In December 2010, the Council of Small Business Organisations of Australia’s Submission 90 regarding competition in the banking sector. This report demonstrates the introduction of Self-regulation in the banking sector was for the benefit of the government, regulators, and the bank. The customers had no rights under the Code and as noted earlier in this report, the bank’s directors had the intention to use the Code to commit a crime.

The rules set out in the AS 4269-1995 Standard protect customers, but banks did not make these available to their clients. There was no requirement by banks to provide advice on the Standard and noting it set out the essential elements for complaint handling. The NSW Law Society is familiar with its role in protecting its members but has not required its members to protect their clients.
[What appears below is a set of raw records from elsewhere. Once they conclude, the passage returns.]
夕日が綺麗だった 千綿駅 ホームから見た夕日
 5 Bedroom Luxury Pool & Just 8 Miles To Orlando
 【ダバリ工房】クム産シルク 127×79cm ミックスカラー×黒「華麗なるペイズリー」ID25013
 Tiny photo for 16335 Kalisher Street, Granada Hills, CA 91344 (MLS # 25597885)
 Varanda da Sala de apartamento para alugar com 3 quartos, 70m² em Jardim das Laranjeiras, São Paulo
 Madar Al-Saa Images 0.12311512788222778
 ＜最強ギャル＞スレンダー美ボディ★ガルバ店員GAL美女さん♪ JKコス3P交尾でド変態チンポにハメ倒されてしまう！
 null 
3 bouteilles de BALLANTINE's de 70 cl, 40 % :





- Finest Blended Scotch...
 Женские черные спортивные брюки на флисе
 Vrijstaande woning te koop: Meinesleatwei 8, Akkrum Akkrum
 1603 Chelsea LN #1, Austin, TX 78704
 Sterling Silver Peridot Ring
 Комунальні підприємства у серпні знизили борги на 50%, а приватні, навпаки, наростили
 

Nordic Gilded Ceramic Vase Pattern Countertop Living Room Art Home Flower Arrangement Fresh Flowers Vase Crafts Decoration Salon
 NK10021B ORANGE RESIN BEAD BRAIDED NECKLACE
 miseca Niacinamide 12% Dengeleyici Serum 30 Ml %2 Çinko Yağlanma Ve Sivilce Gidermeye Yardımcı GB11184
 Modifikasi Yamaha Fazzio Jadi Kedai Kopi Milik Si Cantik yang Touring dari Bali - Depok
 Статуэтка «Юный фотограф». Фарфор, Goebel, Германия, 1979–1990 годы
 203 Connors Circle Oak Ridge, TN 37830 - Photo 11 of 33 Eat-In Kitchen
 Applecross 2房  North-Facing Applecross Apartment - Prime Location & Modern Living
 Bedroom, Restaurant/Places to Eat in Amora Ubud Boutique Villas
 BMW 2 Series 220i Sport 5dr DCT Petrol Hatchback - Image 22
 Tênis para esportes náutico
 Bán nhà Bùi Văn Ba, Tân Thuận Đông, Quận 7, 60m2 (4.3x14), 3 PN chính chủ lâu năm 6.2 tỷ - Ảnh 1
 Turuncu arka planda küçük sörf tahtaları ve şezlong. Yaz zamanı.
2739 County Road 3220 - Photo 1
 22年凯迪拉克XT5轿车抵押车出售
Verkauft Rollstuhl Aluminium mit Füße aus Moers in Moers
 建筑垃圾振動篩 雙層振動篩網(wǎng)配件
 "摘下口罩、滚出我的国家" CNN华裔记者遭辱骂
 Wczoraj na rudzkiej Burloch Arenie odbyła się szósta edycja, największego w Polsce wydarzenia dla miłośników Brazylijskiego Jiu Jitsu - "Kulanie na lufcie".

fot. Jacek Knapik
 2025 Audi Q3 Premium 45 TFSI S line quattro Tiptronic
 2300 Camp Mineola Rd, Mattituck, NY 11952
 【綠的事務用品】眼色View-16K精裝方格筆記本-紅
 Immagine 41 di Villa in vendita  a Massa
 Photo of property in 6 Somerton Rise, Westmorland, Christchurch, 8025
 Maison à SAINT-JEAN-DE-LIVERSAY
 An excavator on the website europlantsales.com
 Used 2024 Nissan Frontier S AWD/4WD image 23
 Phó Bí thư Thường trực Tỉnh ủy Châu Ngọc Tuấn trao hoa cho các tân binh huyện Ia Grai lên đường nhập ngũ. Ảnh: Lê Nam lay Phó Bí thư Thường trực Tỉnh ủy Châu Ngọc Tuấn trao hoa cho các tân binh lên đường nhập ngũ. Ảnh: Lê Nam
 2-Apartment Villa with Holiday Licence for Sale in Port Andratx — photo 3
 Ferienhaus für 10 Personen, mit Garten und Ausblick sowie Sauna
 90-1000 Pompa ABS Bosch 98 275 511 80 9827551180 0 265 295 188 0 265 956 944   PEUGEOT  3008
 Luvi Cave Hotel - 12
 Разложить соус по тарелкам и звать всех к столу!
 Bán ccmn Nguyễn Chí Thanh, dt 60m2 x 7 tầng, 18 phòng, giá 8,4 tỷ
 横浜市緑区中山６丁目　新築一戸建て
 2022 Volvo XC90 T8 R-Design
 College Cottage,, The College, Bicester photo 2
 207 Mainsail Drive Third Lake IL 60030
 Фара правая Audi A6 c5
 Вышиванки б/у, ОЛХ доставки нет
The new government will have to enforce these claims for up to $1.1M. Small businesses and farmers look forward to banks’ directors and senior executives being forced to pay this penalty for not complying with dispute resolution and Farm Debt Mediation rules set up 20 years ago. We understand banks must meet the rules set out in:

  1. Internal Dispute Resolution (IDR) procedures
  2. hardship provisions (clause 25.2 of the Code)
  3. the AS 4269-1995 Standard, and
  4. effective disclosure of information.

The 26 million Australians, 3.5M small businesses, and 230,000 farmers can now, after 20 years of criminal practices by banks, protect property, machinery and livestock and funds they saved for generations.

Please confirm by return email when you received this important letter that should be forwarded to the bank’s directors since 2004.

I have been attempting to resolve my disputes with Suncorp Bank, the banking industry regulator, and Commonwealth Ombudsman, but sadly without success. I have now filed complaints with the government. My family believes the state government, for 20 years, profited from the bank and its regulators’ crime. It should have known about this, which it has concealed or compounded to protect the bank, not customers like us. I never can accept that these events could happen to me and my family in Australia.